Certes. mais encore ?

Il y a dans ces affiches à la fois un premier degré et un second degré. Le second degré porte sur l’attraction provoquée par les vêtements : mets ces fringues et les nanas vont tomber. Là, évidemment, c’est tellement gros que personne n’y croit, c’est une fausse naïveté et on est dans le registre du second degré.
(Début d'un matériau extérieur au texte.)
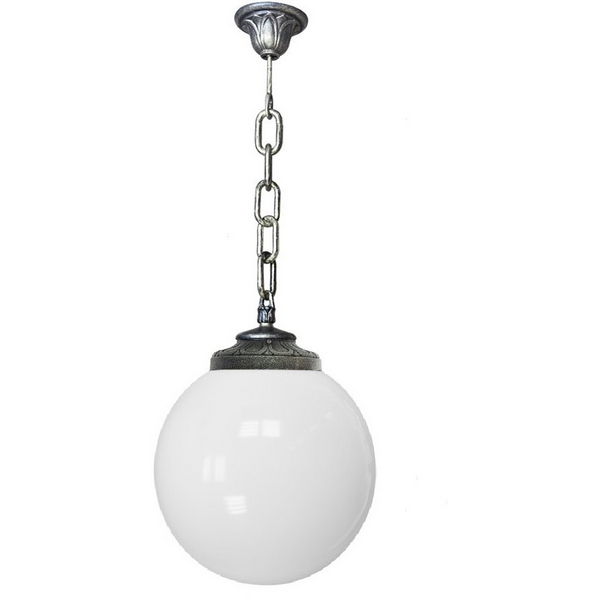 Уличный подвесной светильник IP55 Fumagalli GLOBE 300 G30.120.000.BYF1R, Бронза, Globe 300 G30.120.000.BYF1R
Уличный подвесной светильник IP55 Fumagalli GLOBE 300 G30.120.000.BYF1R, Бронза, Globe 300 G30.120.000.BYF1R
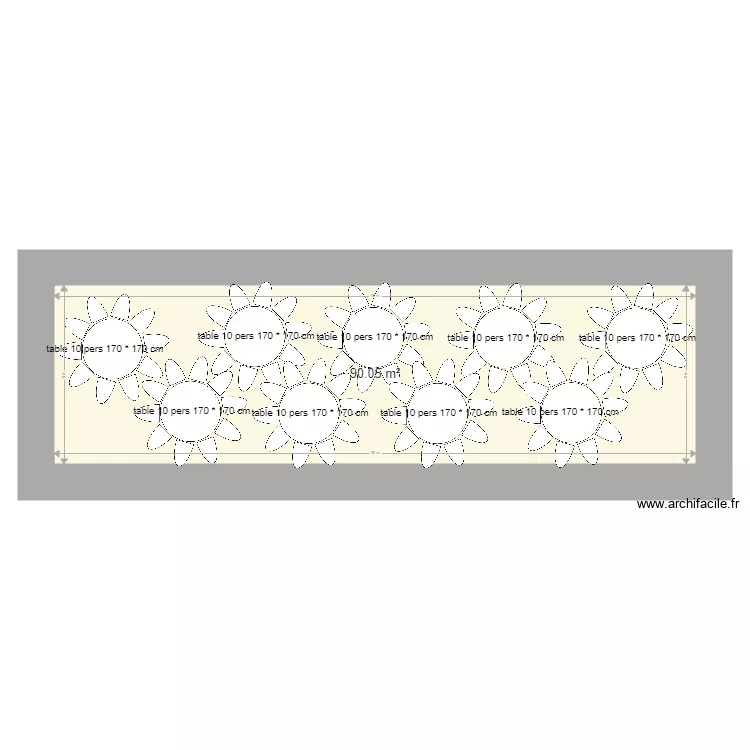 plan test 2 thais. Plan de 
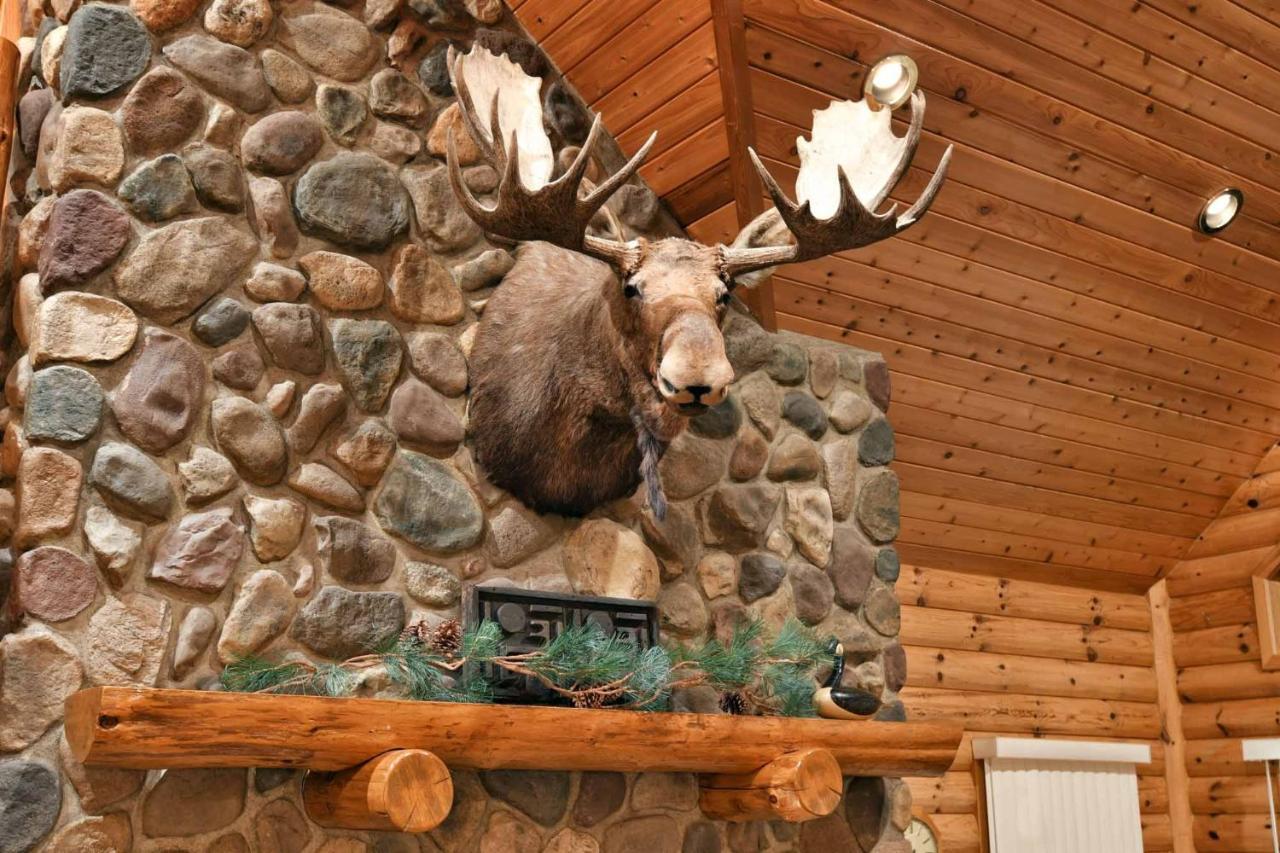 Majestic Moose Lodge Home Cable Екстер'єр фото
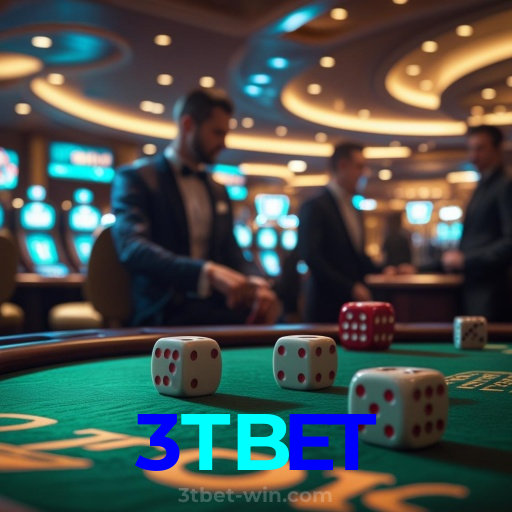 3TBET:Jogue slots, poker e aposte no futebol para prêmios incríveis!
En revanche, à l’évidence il y a une utilisation de la femme-objet au premier degré. La manière dont ces femmes, qui toutes se ressemblent, sont dévêtues et dont tout est fait pour montrer les seins est très exactement sexiste, et vise à susciter le désir du spectateur. Seule l’association fringues/tombeur peut invoquer le second degré, mais l’image du "tombeur", elle, est bel et bien utilisée au premier degré, et ces femmes sont montrées telles qu’elles sont vues par le photographe etles publicitaires, en objets sexuels. Dans ce cas, l’objectivation du corps féminin, au coeur de la culture sexiste depuis des siècles, est poussée à son comble. Les publicitaires ont sans doute cru y mettre du second degré en accentuant le côté glamour des modèles et par leur nombre élevé. Mais ce faisant ils n’ont fait que rendre plus visible le fantasme de la femme-objet, ils n’ont fait que rendre plus visibles leurs corps, leur poitrine. Faute d’avoir compris en quoi le principe d’une telle publicité est critiquable, ils ont accentué ce caractère alors même peut-être (soyons généreux) qu’ils croyaient le faire disparaître.

C’est bien pratique d’avoir une expression magique derrière laquelle se réfugier plutôt que de réfléchir à ce qu’on dit. C’est pratique, mais c’est surtout une grosse arnaque.